# Problem statement
Make an exact copy of the records that follow, with each picture omitted.

═══ Source material

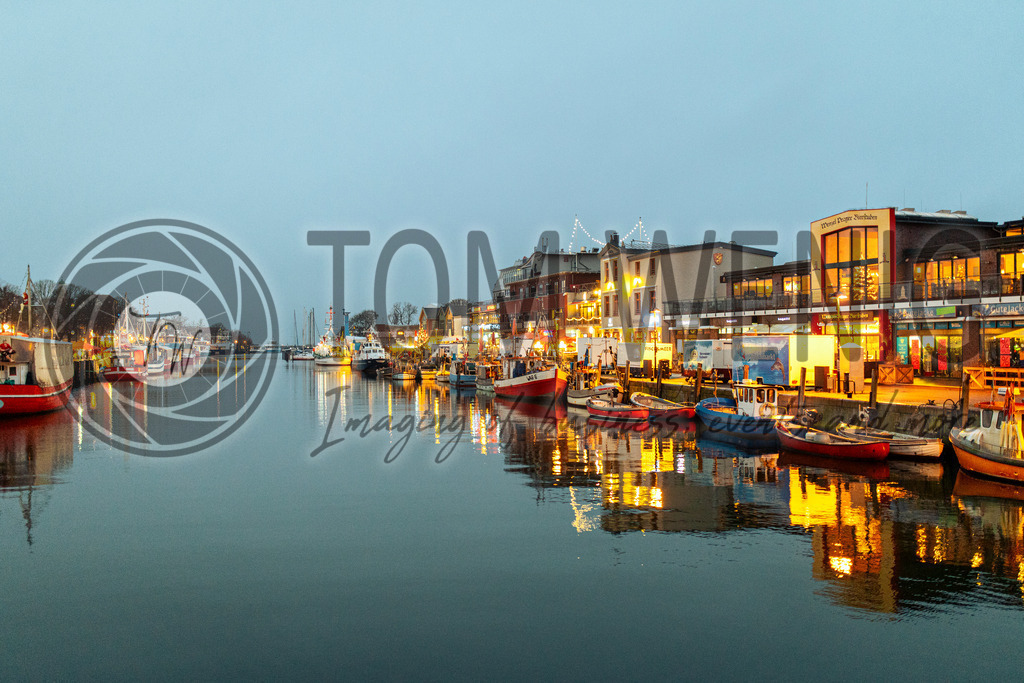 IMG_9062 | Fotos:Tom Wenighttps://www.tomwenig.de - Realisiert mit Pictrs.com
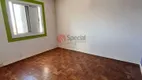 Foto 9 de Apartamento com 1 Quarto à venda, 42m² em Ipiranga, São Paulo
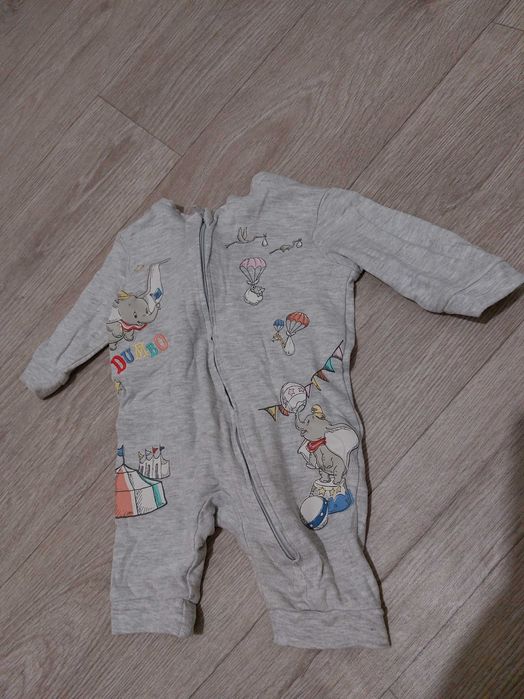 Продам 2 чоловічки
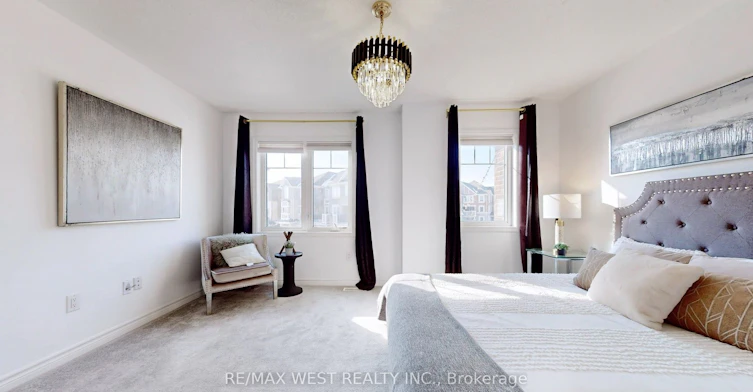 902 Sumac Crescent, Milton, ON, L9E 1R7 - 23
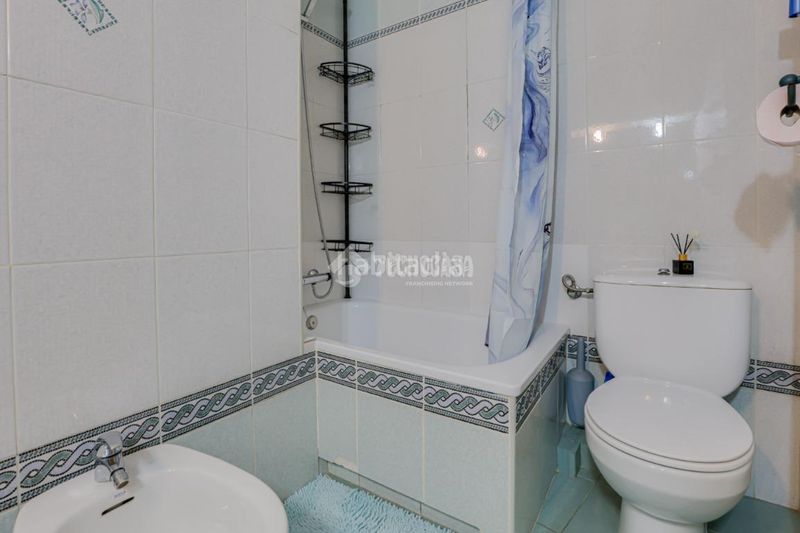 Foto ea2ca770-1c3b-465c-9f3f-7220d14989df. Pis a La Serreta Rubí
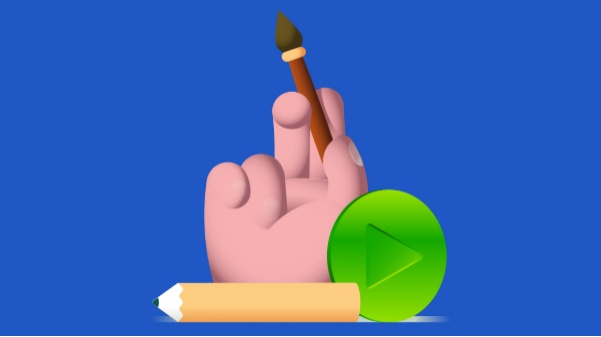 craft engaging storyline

══════

# Answer to the exercise
 IMG_9062 | Fotos:Tom Wenighttps://www.tomwenig.de - Realisiert mit Pictrs.com
 Foto 9 de Apartamento com 1 Quarto à venda, 42m² em Ipiranga, São Paulo
 Продам 2 чоловічки
 902 Sumac Crescent, Milton, ON, L9E 1R7 - 23
 Foto ea2ca770-1c3b-465c-9f3f-7220d14989df. Pis a La Serreta Rubí
 craft engaging storyline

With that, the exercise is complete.